Symptoms Of Lymphangiomatosis:
Symptoms of Lymphangiomatosis may include pericardial effusions, the abnormal accumulations of fluid in the pericardial cavity, leading to increased pressures, that can affect heart functions. Pleural effusions, or excess fluid build-ups in the space surrounding the lungs that can impair breathing by limiting lung expansions, internal bleeding, and ascite fluid accumulations in the abdominal cavity, are other possible symptoms of Lymphangiomatosis.
Lymphangiomatosis symptoms may also include Cyanosis, occasionally described as Blue Skin or Purple Skin, a severe condition indicating a lack of oxygen in the blood supply, respiratory distresses, pulmonary hypertensions in the blood vessels of the lungs caused by airways that are collapsed by fluid, enlarged lungs, lung tumors, and hemihypertrophy, a syndrome where body parts grow excessively large giving asymmetrical appearances.

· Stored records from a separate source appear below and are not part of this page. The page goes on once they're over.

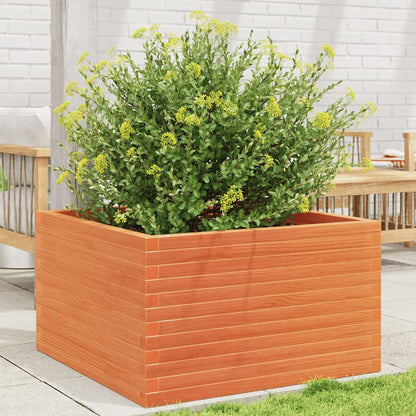 Plantekasse Massivt Fyrretræ - Variant 3282421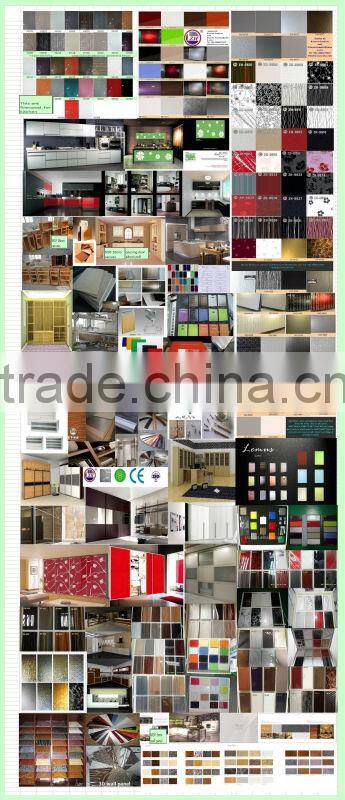UV Home solution high gloss doors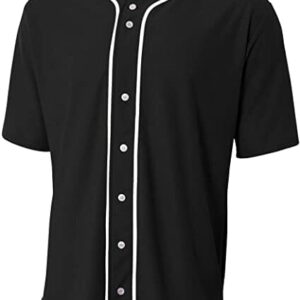 blank baseball jersey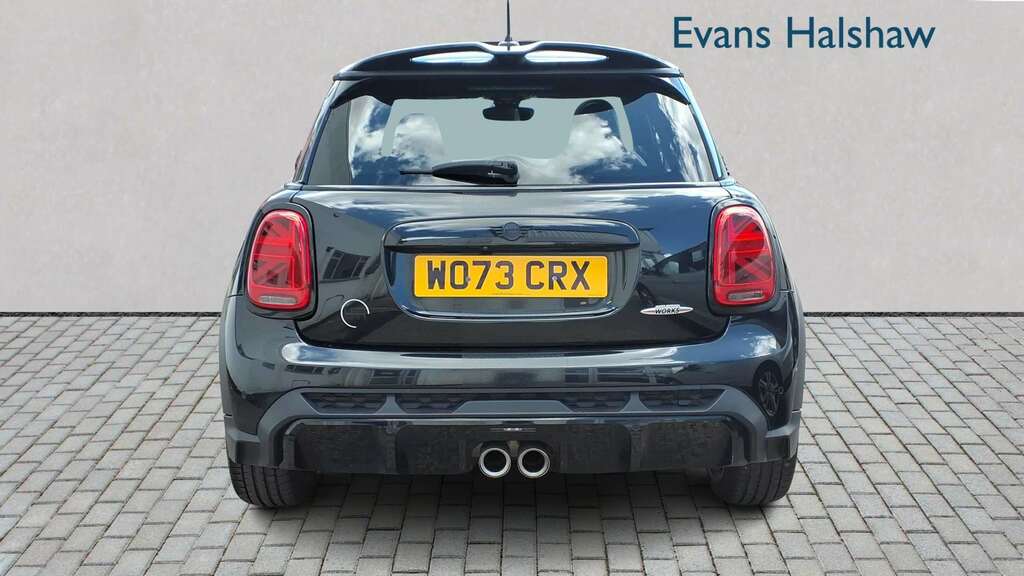 Mini Hatch 2.0 John Cooper Works 1 To 6 Edition 2024 Black #4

Methods Of Diagnosing Lymphangiomatosis:
The methods of diagnosing Lymphangiomatosis do not contain a current standard and are typically based on the exhibited symptoms, radiographic findings, and biopsies that are not always possible. Very little is known about Lymphangiomatosis and treatments with vascular growth inhibitors may slow the process of this fatal disease.
Many non-cancerous lymphatic system tumors may develop in patients with Lymphangiomatosis. Surgical removal of these tumors may be possible, but very difficult, if they have spread. Interferon Alpha medication, chemotherapy, and radiation may be useful in treating the ailment. Thoracentesis, the insertation of a tube into the chest to drain excess fluid, and spinal surgeries to relieve pinched nerves, may alleviate some of the pain associated with Lymphangiomatosis.